Lignocellulosic biomass such as agricultural and forest residues consists of cellulose, hemicellulose, lignin and a small fraction of metabolites. Fast pyrolysis is one of the potential thermochemical routes to generate fuels and platform chemicals.  During fast pyrolysis, biomass undergoes rapid heating in an inert atmosphere yielding a large fraction of bio-oil (70 wt.%), gases (10-15 wt.%) and char (10-15 wt.%). Bio-oil is a condensed mixture of alcohols, aldehydes, ketones, carboxylic acids, ethers, esters, furans, water and aromatic oxygenates like guaiacols and syringols.

Biomass fast pyrolysis is a potential pathway for alternative fuel generation. Comprehensive product analysis and studies using various reactor types and configurations to unravel fast pyrolysis reaction kinetics are important steps in designing a suitable and efficient process for bio-oil production.
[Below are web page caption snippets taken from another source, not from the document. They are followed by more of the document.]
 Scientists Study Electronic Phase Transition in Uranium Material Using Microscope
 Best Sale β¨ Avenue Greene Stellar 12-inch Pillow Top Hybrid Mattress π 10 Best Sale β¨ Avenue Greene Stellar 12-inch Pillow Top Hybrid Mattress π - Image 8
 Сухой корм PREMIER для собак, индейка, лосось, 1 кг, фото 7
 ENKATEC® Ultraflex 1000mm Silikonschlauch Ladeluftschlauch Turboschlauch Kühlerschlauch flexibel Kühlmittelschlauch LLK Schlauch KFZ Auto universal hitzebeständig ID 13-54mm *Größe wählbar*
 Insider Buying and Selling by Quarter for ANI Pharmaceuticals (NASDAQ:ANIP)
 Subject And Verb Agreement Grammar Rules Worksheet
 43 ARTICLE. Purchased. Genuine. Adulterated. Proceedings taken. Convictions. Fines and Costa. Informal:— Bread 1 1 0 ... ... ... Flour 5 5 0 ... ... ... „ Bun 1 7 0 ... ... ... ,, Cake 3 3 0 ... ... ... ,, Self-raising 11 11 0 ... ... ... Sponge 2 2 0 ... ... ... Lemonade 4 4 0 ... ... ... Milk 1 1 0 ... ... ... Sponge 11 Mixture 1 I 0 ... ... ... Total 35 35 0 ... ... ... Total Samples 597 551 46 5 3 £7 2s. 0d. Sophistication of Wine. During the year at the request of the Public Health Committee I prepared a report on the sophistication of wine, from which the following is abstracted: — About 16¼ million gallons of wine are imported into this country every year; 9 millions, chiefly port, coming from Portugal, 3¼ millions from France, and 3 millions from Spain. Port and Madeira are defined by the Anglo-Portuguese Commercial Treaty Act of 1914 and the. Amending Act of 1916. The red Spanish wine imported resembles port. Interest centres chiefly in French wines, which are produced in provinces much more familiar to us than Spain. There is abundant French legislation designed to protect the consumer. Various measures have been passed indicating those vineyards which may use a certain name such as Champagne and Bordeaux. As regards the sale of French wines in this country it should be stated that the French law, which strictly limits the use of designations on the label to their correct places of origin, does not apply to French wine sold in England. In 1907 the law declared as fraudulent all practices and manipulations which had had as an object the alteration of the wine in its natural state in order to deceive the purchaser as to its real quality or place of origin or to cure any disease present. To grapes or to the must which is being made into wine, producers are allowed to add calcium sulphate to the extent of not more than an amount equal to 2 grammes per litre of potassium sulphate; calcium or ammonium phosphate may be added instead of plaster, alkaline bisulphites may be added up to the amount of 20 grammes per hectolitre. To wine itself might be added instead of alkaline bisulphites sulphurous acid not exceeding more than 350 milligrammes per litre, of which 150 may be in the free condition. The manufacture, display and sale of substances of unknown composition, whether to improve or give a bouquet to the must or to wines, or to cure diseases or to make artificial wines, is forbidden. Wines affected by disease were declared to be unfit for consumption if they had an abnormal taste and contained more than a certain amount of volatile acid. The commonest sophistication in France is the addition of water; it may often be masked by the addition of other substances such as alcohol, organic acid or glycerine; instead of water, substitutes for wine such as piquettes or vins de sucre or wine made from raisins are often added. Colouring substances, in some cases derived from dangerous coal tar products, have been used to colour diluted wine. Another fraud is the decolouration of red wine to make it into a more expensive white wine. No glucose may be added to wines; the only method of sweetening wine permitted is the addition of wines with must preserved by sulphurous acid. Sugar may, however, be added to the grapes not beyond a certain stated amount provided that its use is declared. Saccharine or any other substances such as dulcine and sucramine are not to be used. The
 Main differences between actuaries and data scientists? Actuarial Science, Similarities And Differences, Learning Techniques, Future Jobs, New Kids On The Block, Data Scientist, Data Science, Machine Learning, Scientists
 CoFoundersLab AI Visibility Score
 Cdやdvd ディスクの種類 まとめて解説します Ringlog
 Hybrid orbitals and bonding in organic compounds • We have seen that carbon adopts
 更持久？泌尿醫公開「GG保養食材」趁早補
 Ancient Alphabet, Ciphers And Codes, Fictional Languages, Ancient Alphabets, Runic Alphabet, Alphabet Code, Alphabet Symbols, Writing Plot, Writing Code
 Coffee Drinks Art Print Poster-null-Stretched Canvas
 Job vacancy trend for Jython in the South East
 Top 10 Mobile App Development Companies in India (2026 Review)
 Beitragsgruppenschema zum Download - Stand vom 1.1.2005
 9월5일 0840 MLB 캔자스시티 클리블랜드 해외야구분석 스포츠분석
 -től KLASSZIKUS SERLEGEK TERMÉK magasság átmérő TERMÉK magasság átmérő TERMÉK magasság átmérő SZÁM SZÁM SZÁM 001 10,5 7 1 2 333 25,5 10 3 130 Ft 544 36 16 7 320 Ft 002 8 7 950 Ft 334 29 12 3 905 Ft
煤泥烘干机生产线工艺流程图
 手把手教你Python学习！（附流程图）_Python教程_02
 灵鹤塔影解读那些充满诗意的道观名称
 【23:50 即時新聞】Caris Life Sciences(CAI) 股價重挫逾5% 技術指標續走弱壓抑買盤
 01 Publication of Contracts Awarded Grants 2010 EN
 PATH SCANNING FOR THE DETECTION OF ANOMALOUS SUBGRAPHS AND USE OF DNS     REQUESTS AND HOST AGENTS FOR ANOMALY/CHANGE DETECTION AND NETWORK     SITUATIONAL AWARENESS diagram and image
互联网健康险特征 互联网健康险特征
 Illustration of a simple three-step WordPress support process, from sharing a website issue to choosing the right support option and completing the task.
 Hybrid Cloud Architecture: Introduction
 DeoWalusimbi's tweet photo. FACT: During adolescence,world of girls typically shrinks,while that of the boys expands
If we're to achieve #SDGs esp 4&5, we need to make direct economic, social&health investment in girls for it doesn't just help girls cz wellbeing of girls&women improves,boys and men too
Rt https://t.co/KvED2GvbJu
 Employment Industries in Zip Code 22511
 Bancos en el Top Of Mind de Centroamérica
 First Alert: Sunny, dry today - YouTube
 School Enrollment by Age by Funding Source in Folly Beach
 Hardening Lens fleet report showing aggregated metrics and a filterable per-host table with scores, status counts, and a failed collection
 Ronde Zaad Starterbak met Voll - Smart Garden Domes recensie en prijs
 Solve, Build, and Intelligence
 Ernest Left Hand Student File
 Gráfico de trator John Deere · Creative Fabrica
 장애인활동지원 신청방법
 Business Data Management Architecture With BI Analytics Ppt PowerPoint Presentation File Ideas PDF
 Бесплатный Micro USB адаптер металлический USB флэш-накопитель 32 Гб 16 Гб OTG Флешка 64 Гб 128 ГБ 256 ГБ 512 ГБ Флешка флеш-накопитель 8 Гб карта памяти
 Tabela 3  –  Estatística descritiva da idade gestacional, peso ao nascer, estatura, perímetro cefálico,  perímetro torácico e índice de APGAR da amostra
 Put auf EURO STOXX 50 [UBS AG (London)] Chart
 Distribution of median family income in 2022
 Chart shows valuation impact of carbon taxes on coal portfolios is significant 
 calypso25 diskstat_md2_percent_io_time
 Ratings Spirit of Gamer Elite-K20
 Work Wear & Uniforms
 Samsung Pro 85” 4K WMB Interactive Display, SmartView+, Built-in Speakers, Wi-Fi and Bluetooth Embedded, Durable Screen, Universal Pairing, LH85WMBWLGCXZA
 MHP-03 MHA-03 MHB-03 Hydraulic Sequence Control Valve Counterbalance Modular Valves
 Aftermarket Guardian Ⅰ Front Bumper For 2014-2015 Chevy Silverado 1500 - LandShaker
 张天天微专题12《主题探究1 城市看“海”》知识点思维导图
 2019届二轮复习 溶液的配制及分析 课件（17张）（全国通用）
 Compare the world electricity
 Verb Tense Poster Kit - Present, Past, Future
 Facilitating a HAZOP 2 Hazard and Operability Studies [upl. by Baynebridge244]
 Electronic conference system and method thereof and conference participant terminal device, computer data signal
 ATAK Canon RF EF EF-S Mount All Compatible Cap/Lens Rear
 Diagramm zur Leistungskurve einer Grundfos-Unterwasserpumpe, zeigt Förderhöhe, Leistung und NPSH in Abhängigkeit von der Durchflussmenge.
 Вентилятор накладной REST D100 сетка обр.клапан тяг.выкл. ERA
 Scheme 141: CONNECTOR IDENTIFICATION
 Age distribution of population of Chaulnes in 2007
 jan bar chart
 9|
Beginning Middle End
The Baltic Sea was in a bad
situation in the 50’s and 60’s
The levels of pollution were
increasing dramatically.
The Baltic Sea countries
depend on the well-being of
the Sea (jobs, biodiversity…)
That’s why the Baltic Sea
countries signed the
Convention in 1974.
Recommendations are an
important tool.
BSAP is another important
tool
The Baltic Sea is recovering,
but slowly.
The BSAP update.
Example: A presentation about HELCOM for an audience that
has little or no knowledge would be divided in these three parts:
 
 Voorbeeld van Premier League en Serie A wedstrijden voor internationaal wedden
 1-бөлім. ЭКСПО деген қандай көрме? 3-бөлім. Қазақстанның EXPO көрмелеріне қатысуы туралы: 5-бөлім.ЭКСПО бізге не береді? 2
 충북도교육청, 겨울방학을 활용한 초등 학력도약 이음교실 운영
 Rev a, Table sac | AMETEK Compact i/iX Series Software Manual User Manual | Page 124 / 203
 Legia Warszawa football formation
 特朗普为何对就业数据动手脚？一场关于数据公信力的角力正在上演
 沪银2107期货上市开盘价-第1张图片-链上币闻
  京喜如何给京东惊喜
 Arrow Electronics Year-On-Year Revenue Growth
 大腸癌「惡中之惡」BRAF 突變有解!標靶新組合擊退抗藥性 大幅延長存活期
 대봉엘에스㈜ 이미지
As a pre-requisite to design an efficient fast pyrolysis process, a detailed understanding the underlying chemistry and product distribution is needed. Owing to the complex structure of biomass efforts have been made to unravel its thermal degradation reactions using model compounds, reactors that are free from transport effects and advanced analytical techniques, over the years.

In WIREs Energy and Environment, a group of engineers from the Laboratory for Chemical Technology at Ghent University presented a critical overview of the experimental techniques employed to derive biomass pyrolysis kinetics and identify the parameters that can alter the product composition.

These studies have provided numerous insights on dominant reaction pathways, necessary pre-treatments, unwanted by-products, and consequently, process optimization and upgrading.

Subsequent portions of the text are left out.